Mise en scène : Mathurin Bolze
Circassiens : Antonin Bailles, Inbal Ben Haim, Fraser Borwick, Corentin Diana, Leonardo Duarte Ferreira, Anja Eberhart, Tommy Edwin Entresangel Dagour, Joana Nicioli, Noora Petronella Pasanen, Thomas Pavon, Angel Paul Ramos Hernandez, Silvana Sanchirico, Emma Verbeke
Genre : Cirque
Public : Tout public
Durée : 1h30
Avec "Atelier 29", mis en scène par Mathurin Bolze, je viens de renouer avec une tradition trop longtemps abandonnée, à tort : la découverte du spectacle de fin d’études des jeunes circassiens diplômés du CNAC.
"Atelier 29" est un titre qui fait sens : 29 comme la 29e promotion du CNAC, composée de 13 jeunes gens, 6 garçons et 7 filles, fraîchement adoubés du sceau de l’excellence. Atelier car pour relever le défi de l’exercice qui consiste à faire la promotion de la promotion, dans son entité et dans la mise en valeur de chacun, Mathurin Bolze a opté pour une création collective. Outre la partie proprement circassienne, chacun a été partie prenante de la création dans son ensemble. En outre, Mathurin Bolze a convié six étudiants de l’ENSATT à s’emparer de la partie technique : scénographie, son, lumière et costumes.

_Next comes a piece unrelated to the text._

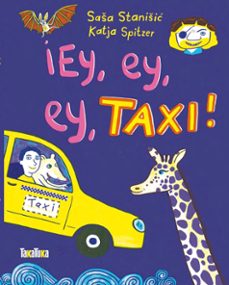 ey ey ey taxi-sasa stanisic-9788418821455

Le spectacle semble raconter l’histoire d’un pays d’Amérique latine, oscillant entre l’intime et le politique. D’oscillations, il en est question tout du long par le choix de la scénographie. Les 13 jeunes gens évoluent la plupart du temps sur un, deux ou trois plateaux suspendus. Ce sont des planches, plus ou moins ajourées qui montent et qui descendent, qui oscillent ou se balancent, qui dessinent tantôt un intérieur, tantôt les grilles d’une prison. Assorti d’un travail sur la lumière très poussé et d’une ambiance sonore recherchée, ce dispositif scénique, très simple et ingénieux, ouvre des possibles tout à fait inattendus en termes d’espaces mais aussi de jeux circassiens. L’acrobatie règne en maître ainsi que l’aérien représenté dans quasiment toute sa palette : tissu aérien, corde molle, corde volante et sangles. On verra aussi, mais de façon plus fugace, du mât chinois (juché sur les palettes en suspension !), de la roue Cyr et du cycle.
"Atelier 29" donne à voir des tableaux de toute beauté : ainsi ce plateau métamorphosé en intérieur modeste des années 1970 où un couple évolue dans une certaine tension, tandis qu’au tissu aérien une jeune femme enchaîne des figures saccadées ; figures saccadées qu’un couple reprend en portés acrobatiques d’une grande sensualité. Ou encore cette scène qui évoque la dictature : sur un plateau en hauteur inondé de lumière rouge, 4 jeunes femmes tendent les bras à la cinquième qui tente de se défenestrer tandis qu’au sol, dans une lumière blanche et crue, les hommes sont prisonniers d’un cadre qui se referme sur eux comme le feraient les grilles d’une prison. Le tout dans un grand bruit de bottes, crescendo. L’effet est saisissant. Les "numéros individuels" ne sont pas en reste, à commencer par une voltigeuse à vélo qui aime à renverser les rôles et à tenir à distance la gente masculine avec beaucoup d’humour. Si je mets les guillemets aux numéros individuels, c’est qu’ils ne le sont jamais vraiment car ils s’inscrivent dans une narration plus large et que les transitions, en amont et en aval, très soignées, interdisent "le" numéro.
Pour que je sorte totalement emballée, le spectacle aurait gagné à être raccourci d’une bonne demi-heure. Il est un moment où le dispositif devient répétitif pour ne pas dire systématique. L’humour qui imprégnait tout d’abord le spectacle tend à disparaître au profit d’une voix off qui distille une atmosphère "bobo-conceptuelle". Une ambiance à laquelle j’ai bien moins adhéré mais parfaitement assortie aux costumes… Par ailleurs, je trouve que les garçons étaient trop cantonnés à l’acrobatie dansée.
Mis à part ces quelques réserves, "Atelier 29" est une réussite en ce qu’il promeut à merveille la dernière promotion de CNAC. Les images fortes créées par les étudiants de l’ENSATT et Mathurin Bolze magnifient le talent de tous et de chacun.